Every executive I talk to these days is chasing the promise of AI — and for good reason. AI can crunch terabytes of data in seconds, identify patterns our brains would never spot and spit out predictions with machine-grade precision. It’s like hiring Sherlock Holmes, 24/7, for every spreadsheet you own.
But once you’ve optimized the analytics, streamlined operations and outsourced the repetitive, then what?
According to the World Economic Forum’s Future of Jobs Report 2025, creative thinking now ranks as the fourth most important skill for the workforce — just behind analytical thinking, resiliency and leadership influence — and employers expect it to continue rising in importance over the next five years.
Creativity: The art of the unexpected
Try asking AI to invent something no one’s thought of before. It’ll give you a beautifully average answer, pulled from yesterday’s data.
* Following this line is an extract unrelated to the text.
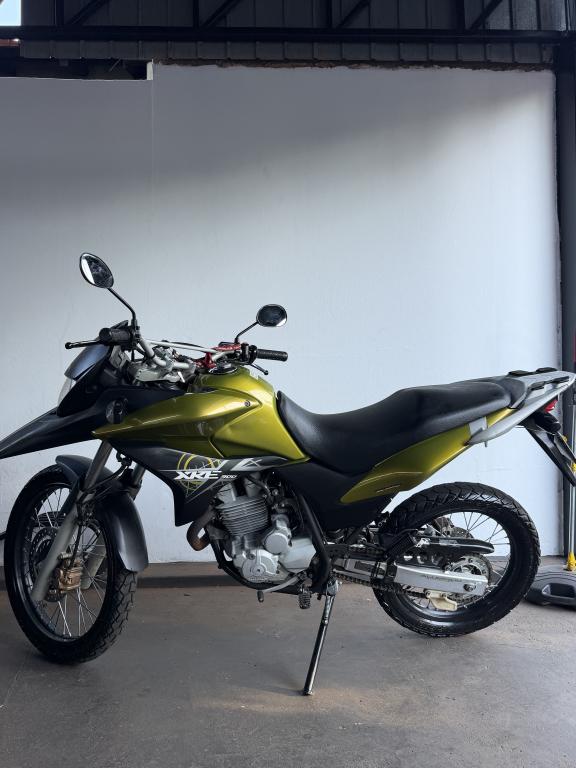 HONDA XRE 300 - Foto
But innovation? That’s rarely born from averages.
At Disney, we once mashed up two unrelated worlds (cruise ships and Broadway) to create a new kind of entertainment experience at sea. There was no data model for that. Creativity lives in those collisions. It’s not linear. It’s jazz.
Innovation often comes from mashing up ideas from completely different worlds. That’s a leap only humans can make — not because we’re smarter than AI, but because we’re messier. And in mess, magic lives.